The communion with animals is one of my favorite parts of fairy tales. But this paper really made me think: thank you, Ryan! When do we want pretty ducks in our stories? When should we just let the river stay wild?

I like Anne Sexton’s gritty not-for-children takes on fairy tales in her Transformation, and I’m eager to read more poems by Jeannine Hall Gailey. For some perhaps more romantic poems – I am aware Valentine’s Day is coming – please visit the Poetry Friday roundup at:



  1. I have a visceral reaction to “Hansel and Gretel”–probably because my early life reminds me of it. Who did that wonderful painting? I feel I know it but can’t think who did it. Those trees . . . I know those trees . . .

  2. Yes, it’s a pretty creepy story. Even as a kid I remember thinking that candy house was not going to be worth it.
    I snagged the picture off the internet with no source given, but I’m pretty sure those trees belong to Wanda Gag, who gorgeously illustrated Grimm. And of course Millions of Cats.

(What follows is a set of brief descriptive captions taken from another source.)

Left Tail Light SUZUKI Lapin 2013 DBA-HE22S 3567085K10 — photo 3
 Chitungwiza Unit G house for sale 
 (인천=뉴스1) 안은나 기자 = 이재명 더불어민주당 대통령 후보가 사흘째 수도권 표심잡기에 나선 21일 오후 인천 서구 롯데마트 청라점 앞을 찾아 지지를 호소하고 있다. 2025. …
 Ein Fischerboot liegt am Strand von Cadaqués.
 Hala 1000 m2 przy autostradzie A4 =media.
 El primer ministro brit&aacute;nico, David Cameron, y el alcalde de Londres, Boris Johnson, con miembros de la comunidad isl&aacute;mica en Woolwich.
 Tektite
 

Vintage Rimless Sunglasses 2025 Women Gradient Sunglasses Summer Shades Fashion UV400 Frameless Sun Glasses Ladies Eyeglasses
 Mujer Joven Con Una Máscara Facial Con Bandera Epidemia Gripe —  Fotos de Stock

  3. That’s it! I knew I knew it. I may have that book somewhere. If not, I’ll going to find it. Thanks!

  4. Sounds like a very thoughtful paper! Makes me think of some of the 18th and 19th illustrations Maria Tatar shows in Enchanted Hunters, where fairy tales become the province of children, and somehow become almost scarier as a result, at least at first.
    One of my favorite themes in fairy tales is the transformation of animals into humans and vice versa. Swans into maidens and princes into frogs and bears… such magic.

  5. I liked Enchanted Hunters very much, and am trying to remember the theme you mentioned. I fear I missed too much of what she had to say. I know I’m going to have to pick it up again.
    And yes, those animal to human to animal transformations really tug at the heart and soul. A bit like the magic we try to do with words.